# Is it too late to get in the Pen Stand Contest?



## D.Oliver (Oct 10, 2015)

Here's a workstation that I came across in Shopnotes magazine a while ago.  It's been on my to do list for some time and I had wanted to get it done this Spring.  I guess I'm a couple seasons behind.:redface:  Anyways, if you interested I even made a youtube video (I didn't say a *good* video) of the build.


----------



## liljohn1368 (Oct 11, 2015)

Nice work.. And great video..


----------



## D.Oliver (Oct 11, 2015)

liljohn1368 said:


> Nice work.. And great video..


 
What?  A great video?  Oh man, I must have linked to someone else's channel....


----------



## lyonsacc (Oct 11, 2015)

The video is not bad at all, except the garage is way to clean, and I didn't see a lathe, or a pen.  That's a nice mitre saw. The workstation would be a handy thing to have around.   

Now you need to make a pen big enough for the stand!


----------



## SteveJ (Oct 11, 2015)

That must be one monster pen....

And a sweet video to go along with it.


----------



## stonepecker (Oct 11, 2015)

Very nice video.
Can you post the plans in the Library for the future?
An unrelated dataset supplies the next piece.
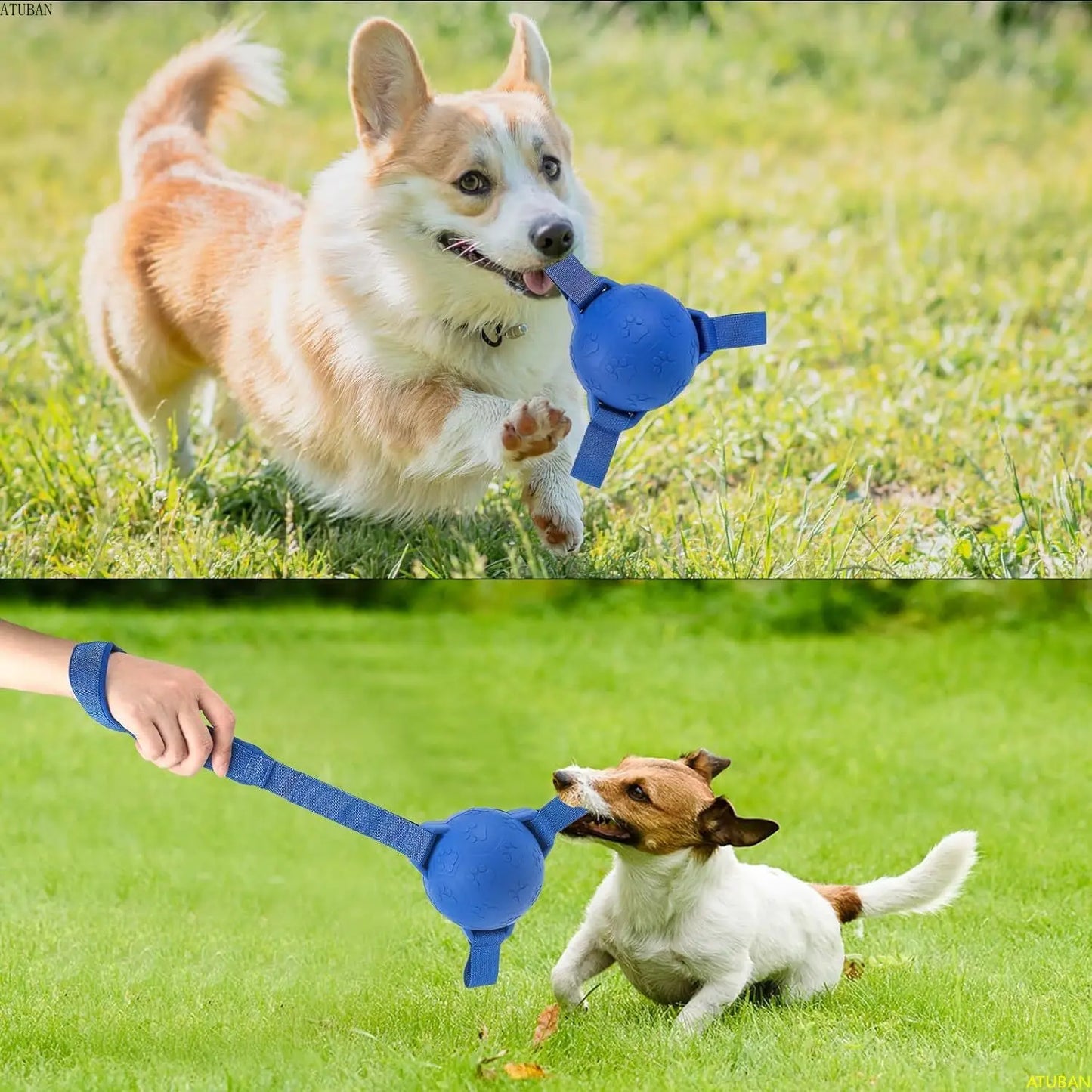 Dog Soccer Ball Toy: Interactive Rubber Water Toy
I really like the yellow paint.  Makes it easy to keep the pieces sorted when in storage.


----------



## SDB777 (Oct 11, 2015)

Had to watch your video while the 'one-that-must-be-obeyed' was out of the room.....she'd expect to see the garage floor too!
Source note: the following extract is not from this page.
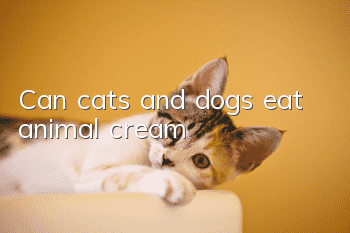 Can cats and dogs eat animal cream?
Scott (nice workflow-A+) B


----------



## csr67 (Oct 11, 2015)

Excellent video!  Thank you.


----------



## D.Oliver (Oct 11, 2015)

lyonsacc said:


> The video is not bad at all, except the garage is way to clean, and I didn't see a lathe, or a pen.  That's a nice mitre saw. The workstation would be a handy thing to have around.
> 
> Now you need to make a pen big enough for the stand!


 


SDB777 said:


> Had to watch your video while the 'one-that-must-be-obeyed' was out of the room.....she'd expect to see the garage floor too!
> 
> 
> Scott (nice workflow-A+) B


 
I'm not going to lie.  I did a little cleaning and sweeping before I turned the camera on.  And there's the shot behind the camera that you don't see.....:biggrin:


----------



## southernclay (Oct 11, 2015)

Pretty cool Derek, I watched the Christmas ornament one too which was good, better special effects with the cookie on that one....


----------



## D.Oliver (Oct 11, 2015)

Ah yes....the cookies.  I built a little catapult that I triggered via a string that was tied to my boot.  It threw cookies great, but you never knew which direction the cookie was going.  I think I had to throw like 10 of them before I got a shot that worked.


----------



## alankulwicki7 (Oct 11, 2015)

Who's the actor in the video? He must have been expensive to hire.


----------



## triw51 (Oct 13, 2015)

Thank you I enjoyed watching the video and I think you need more practice making those stands so my address is........


----------



## TurtleTom (Oct 13, 2015)

I've used this design before, it's almost as popular as the paper clip.   I believe it was invented by some genius working in a state sign shop.  There were thousands made as barriers, mostly temporary.  I sure would like to meet the man that invented it, but I'm sure he's no longer with us.  I've seen the design for 60 years on roadways around the country.


----------



## bobleibo (Oct 13, 2015)

Wow Derek, you have a lot of energy and move very fast. I'm tapping out, no way I could keep up but it sure was entertaining to watch.


----------



## southernclay (Oct 13, 2015)

D.Oliver said:


> Ah yes....the cookies.  I built a little catapult that I triggered via a string that was tied to my boot.  It threw cookies great, but you never knew which direction the cookie was going.  I think I had to throw like 10 of them before I got a shot that worked.


 

That's awesome! I thought you had gone over to Montana or Wyoming to find the nearest neighbor to help out :biggrin: One day I will build a catapult, never thought about a cookie catapult but not a bad place to start.

In all seriousness keep up the videos, I'm sure it takes a while but you never know who gets something out of your videos, I've learned so much on YouTube about so much random stuff.


----------